Les limites du savoir scientifique

Après avoir exposé les frontières du dialogue entre science et foi, Joseph Grifone explique ici le désenchantement du scientisme né au XIXe siècle.

Dans notre précédent entretien vous affirmiez qu’il n’y a pas d’opposition de principe entre la science et la foi : de nombreux savants étaient croyants, depuis Galilée jusqu’à Planck.

Personnellement j’ai connu de nombreux scientifiques qui se disent agnostiques – il est très rare qu’ils se disent athées – mais aucun ne m’a jamais dit que cela tenait à une quelconque incompatibilité entre la science et la foi.

Comment s’explique alors le conflit qui a pu surgir à d’autres époques, ainsi que l’agnosticisme qui semble prévaloir aujourd’hui dans les milieux scientifiques ?

Le problème est plutôt d’ordre culturel. Les succès de la science moderne ont contribué à populariser l’idée que la méthode des disciplines scientifiques, alliant la vérification expérimentale et les mathématiques, est la seule forme valable de connaissance. Dans cette optique, la connaissance religieuse, ou l’étude des niveaux les plus profonds du réel (valeurs, sens de l’existence...: la métaphysique) ne seraient que des explications imaginaires, de la pseudoscience, sans valeur universelle objective : y adhérer ferait partie des exigences de la conscience individuelle et subjective et, en définitive, de la sphère du privé.

Quels courants culturels ont contribué à former cette conception de la valeur de la connaissance ?

René Descartes

Le rationalisme issu de Descartes, d’une part, qui prétendait construire une science universelle avec la rigueur d’un théorème de mathématiques. Ensuite, et dans cette ligne, la philosophie des Lumières, dont le programme était d’« éclairer » tous les secteurs de la réalité par une connaissance rationnelle et rigoureuse, à la manière des sciences qui se développaient à l’époque : seul ce type de connaissance serait un facteur de liberté et de progrès. L’empirisme, enfin, qui se développait parallèlement en Angleterre, pour lequel la connaissance valide est celle qui travaille sur les données sensibles, l’expérience, les perceptions. 
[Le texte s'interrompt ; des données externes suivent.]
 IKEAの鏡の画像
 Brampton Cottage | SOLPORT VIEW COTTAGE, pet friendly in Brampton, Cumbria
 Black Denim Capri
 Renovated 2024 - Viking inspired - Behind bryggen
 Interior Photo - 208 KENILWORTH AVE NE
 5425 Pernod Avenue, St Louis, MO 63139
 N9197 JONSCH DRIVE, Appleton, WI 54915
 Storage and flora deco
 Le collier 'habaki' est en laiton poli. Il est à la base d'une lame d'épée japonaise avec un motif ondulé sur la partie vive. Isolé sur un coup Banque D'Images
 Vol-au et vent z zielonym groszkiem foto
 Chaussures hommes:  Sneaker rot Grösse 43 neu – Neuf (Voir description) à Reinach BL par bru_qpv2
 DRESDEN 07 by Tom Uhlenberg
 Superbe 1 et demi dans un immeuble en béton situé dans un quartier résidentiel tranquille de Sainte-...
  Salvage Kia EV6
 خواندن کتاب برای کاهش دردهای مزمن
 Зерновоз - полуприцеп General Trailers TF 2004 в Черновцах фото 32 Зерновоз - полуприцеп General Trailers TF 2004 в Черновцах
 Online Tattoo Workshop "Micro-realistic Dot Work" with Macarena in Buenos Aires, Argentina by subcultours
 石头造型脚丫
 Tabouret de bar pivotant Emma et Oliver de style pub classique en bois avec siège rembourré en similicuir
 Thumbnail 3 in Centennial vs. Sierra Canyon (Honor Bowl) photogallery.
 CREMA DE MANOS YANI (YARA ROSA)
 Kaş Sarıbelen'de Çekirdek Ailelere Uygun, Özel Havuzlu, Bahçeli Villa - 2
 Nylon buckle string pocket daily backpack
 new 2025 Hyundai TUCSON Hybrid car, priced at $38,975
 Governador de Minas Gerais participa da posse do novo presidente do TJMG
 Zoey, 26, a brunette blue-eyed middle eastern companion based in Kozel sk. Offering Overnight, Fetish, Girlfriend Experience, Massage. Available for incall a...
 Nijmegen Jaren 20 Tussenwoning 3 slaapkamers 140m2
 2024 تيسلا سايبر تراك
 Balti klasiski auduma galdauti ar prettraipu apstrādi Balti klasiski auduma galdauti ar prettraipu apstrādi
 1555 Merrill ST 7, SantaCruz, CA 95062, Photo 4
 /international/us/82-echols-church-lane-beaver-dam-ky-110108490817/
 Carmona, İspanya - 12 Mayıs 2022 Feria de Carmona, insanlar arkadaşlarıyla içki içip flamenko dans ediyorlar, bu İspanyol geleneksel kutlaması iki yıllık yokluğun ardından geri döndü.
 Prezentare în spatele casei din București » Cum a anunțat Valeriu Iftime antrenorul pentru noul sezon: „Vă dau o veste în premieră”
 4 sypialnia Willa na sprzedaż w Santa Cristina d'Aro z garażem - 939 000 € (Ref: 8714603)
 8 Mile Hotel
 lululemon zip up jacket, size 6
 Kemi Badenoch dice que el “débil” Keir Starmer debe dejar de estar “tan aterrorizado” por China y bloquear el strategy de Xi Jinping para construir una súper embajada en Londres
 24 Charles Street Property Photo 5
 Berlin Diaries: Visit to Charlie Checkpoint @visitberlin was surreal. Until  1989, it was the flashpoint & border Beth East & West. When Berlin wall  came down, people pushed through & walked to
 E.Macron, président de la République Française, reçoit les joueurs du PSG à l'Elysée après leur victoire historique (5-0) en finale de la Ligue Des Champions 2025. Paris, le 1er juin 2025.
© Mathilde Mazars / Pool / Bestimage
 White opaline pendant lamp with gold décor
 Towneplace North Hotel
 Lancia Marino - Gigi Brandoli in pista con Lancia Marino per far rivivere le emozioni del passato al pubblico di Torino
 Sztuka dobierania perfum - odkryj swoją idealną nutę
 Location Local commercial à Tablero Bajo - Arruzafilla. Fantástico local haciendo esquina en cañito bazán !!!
Un peu plus tard, au XIXe siècle, Auguste Comte traduisit ces conceptions en un système, le positivisme, qui eut et continue à avoir une importance toute particulière. Avec une logique et une lucidité remarquables, il en tira toute les conséquences, allant jusqu’à envisager un société répressive dans laquelle l’homme, réduit à un être gouverné par le mécanisme déterministe des lois physiques, perdrait toute liberté et toute dignité. Dieu merci, l’univers de Comte n’a pris forme que dans les romans de fiction – que l’on pense, par exemple, au Meilleur des Mondes de Aldous Huxley. Cependant, tout un courant de pensée s’est développé, qui imprègne d’une manière diffuse des vastes secteurs de la culture.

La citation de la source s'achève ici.